Copper River salmon
The spread of food on the table amazed me.
There we were, in Cordova, Alaska — a tiny fishing town of barely 2500 people — in someone’s home, about to eat dinner. Any other marketing association would have taken us out to a fabulous restaurant for our first night in town. Except, there aren’t any fabulous restaurants in Cordova. There are plenty of warm homes, filled with people gathered over food, the windows steamed up from all the talking, and nowhere else to go. Beth opened her home to us, invited a bunch of fishermen and spouses, and we four food bloggers (plus Danny and Lucy) were treated to a feast.
On the table? Salmon. Plenty of it. We were, after all, in Copper River salmon country. The rich dark red flesh showed up smoked, poached, roasted, and made into jerky.

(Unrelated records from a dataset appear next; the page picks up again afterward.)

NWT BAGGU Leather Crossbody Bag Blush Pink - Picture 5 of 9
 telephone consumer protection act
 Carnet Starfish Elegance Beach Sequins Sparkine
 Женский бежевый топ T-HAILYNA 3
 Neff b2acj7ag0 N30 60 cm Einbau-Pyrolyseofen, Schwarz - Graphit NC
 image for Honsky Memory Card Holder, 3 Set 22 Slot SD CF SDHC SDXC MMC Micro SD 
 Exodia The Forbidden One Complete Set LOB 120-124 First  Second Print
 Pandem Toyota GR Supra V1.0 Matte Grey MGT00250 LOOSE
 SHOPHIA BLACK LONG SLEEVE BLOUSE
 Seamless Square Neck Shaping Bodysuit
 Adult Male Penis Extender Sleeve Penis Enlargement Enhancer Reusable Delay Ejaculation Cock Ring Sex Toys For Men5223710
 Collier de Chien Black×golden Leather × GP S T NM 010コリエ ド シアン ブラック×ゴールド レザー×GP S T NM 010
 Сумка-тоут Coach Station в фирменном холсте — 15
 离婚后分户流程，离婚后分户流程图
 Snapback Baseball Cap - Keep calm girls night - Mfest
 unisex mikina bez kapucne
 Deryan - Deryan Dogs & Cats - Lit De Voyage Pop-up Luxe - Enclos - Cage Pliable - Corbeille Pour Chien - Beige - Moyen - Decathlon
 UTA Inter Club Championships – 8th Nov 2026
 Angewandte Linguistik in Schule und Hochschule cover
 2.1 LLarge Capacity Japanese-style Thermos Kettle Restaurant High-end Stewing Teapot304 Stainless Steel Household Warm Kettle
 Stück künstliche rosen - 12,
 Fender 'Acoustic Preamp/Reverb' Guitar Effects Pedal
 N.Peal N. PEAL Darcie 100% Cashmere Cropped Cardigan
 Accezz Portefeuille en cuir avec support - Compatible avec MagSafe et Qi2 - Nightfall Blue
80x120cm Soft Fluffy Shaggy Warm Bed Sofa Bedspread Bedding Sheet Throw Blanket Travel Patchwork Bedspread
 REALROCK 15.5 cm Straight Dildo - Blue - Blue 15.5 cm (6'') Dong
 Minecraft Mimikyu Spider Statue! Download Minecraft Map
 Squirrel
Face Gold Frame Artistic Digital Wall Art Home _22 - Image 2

There were other dishes too — including slow-stirred polenta for me and a gluten-free apple tart for dessert — but what gleamed on that bright tablecloth most clearly was the salmon.
Salmon is at the heart of everything in Cordova.
Even though we landed in Cordova only a few days into September, we were greeted by gale-force winds and dark skies. That’s the thing about Alaska: nature prevails. After we landed at the tiniest airport I have ever seen, we stepped outside to see sky. Mountains. Clouds. Green trees. A road that began at the edge of town and stopped 50 miles later. And mostly, sky.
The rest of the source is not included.